Reflections from the field: intensive disaster relief courses inspire service

By Luke Addison, member of the Rotaract Club of University of Winchester, England and Rotaract Multi-District Contact for RIBI

I first heard about ShelterBox in 2013. I had just become the President of the University of Winchester Rotaract Club and was working with several friends to get the group involved in local and international projects. We were, and are still to this day, very lucky to have the support of the Winchester Rotary Club in all that we do. Their club allowed our members to engage with their projects and therefore create some great connections. There was a particular Rotarian who had spoken with me about ShelterBox and the work they did and suggested we raise funds for them. In just a few days we were at Winchester University at 7:00 AM putting up a ShelterBox tent and then standing alongside it for several hours.

In the past few years since working closer with Rotaract and Rotary on an international level, as well as being involved in many diverse projects and with many organisations across the globe, my interests and drive for what I want to achieve sit very much in the humanitarian sector.

One morning I received an email inviting me to the three-day Understanding ShelterBox Operations course, and there was no way I could turn this down. I replied without hesitation and several weeks later, found myself packing a bag and booking a ten-hour coach journey to Truro! After arriving at the ShelterBox Headquarters, I was extremely early and one of the team members must have taken pity on me and invited me in from the cold. The course didn’t begin until noon, but I was met by Alex Youlten and several other staff who offered to show me around and gave me a great introduction to ShelterBox. Along the tour, we were invited into an actual operations meeting which was taking place in a board room and involved the whole team looking at where ShelterBoxes and other ShelterBox aid were currently being deployed, and also talking much about international affairs of the world… I was hooked and I hadn’t even started the course yet!

After meeting the rest of the course participants, we boarded a minibus and headed towards the training camp. We opened with a briefing about the organisation and then went straight into setting up three tents outside. These would be our accommodations for the next few nights!

The three days of the course were a fascinating combination of problem-solving activities, treks, team-building games and even critical thinking within a classroom. The last part surprised me because although I was expecting to hear more about what they did, I hadn’t fully appreciated exactly what it is they do. By this I mean, we looked deeply into human psychology and how people react in a disaster while also looking at ethical and moral dilemmas and the level of strength and compassion needed to operate effectively.

We even learnt how the organisation’s fundraising department worked and had a great presentation from Richard Lee, Director of Fundraising and Communications. Again, it was a side I was not expecting to see, but was so clearly effective as it had everyone in the room suggesting ways to help.

ShelterBox and Rotary share the same humanitarian aims, and have been linked by common goals and ethics for more than sixteen years now. The two organisations have formed a durable international project partnership which grows in scale and sophistication with every year. It is quite unique in international aid. Obviously this includes Rotaractors too, whose youthful energy, compassion and local knowledge are harnessed in so many ShelterBox deployments and disaster responses.

We were treated with so much respect and I felt so valued as an “outsider”; I’m grateful to have been invited to this course but given so much whilst on it.

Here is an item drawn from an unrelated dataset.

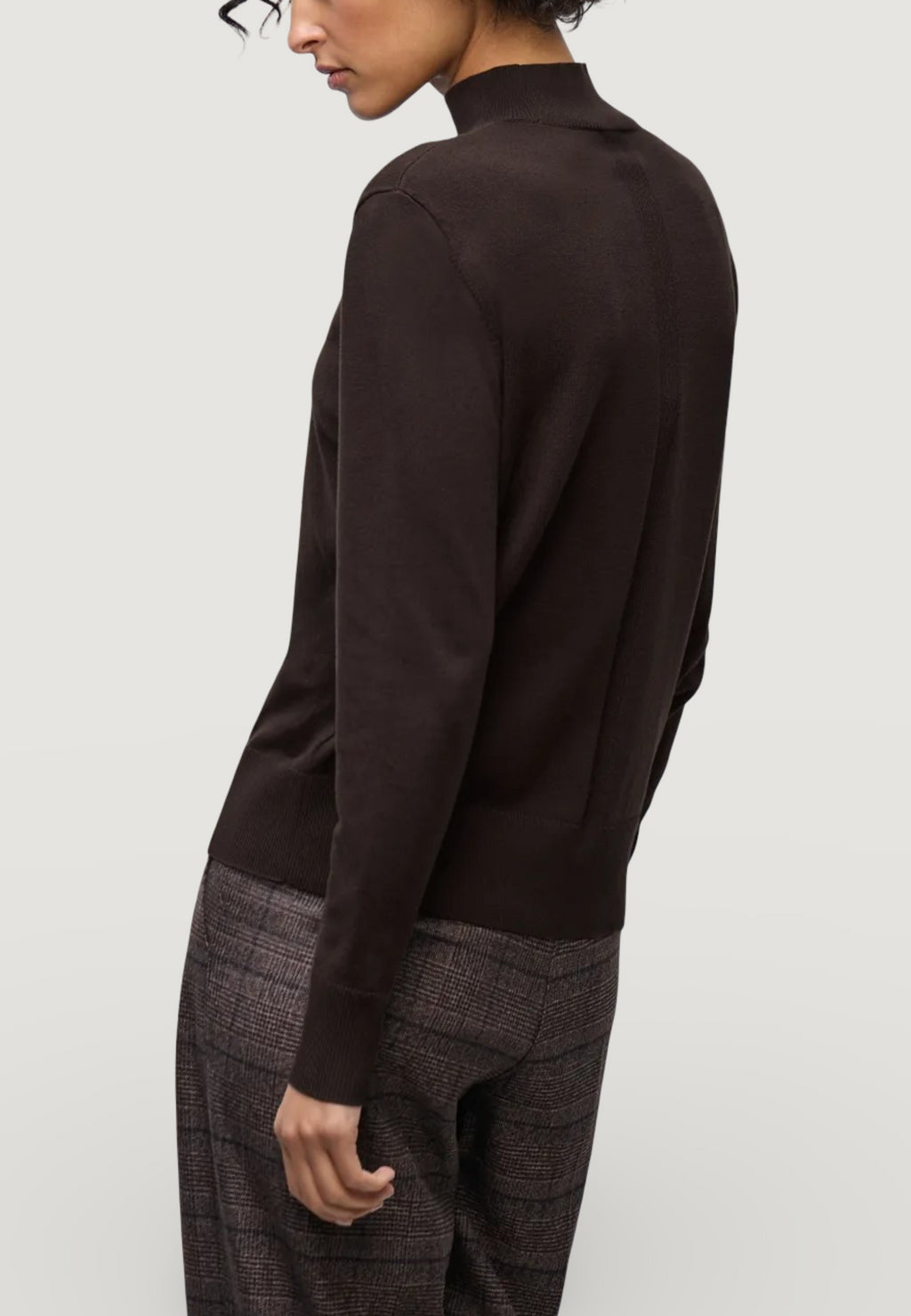 Jersey Street One 303406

I could feel my place within ShelterBox already forming!  I have never met a single other charity that would invite you to their headquarters, show you around everything, let you sit in a real operations meeting, then take you to the training ground and give you three days of training on what they actually do. It was genuinely one of the most amazing experiences I’ve ever had and I would absolutely encourage everyone to go and take part in the course and learn about the many ways your club can work with ShelterBox.

I am so grateful and look forward to working with ShelterBox again!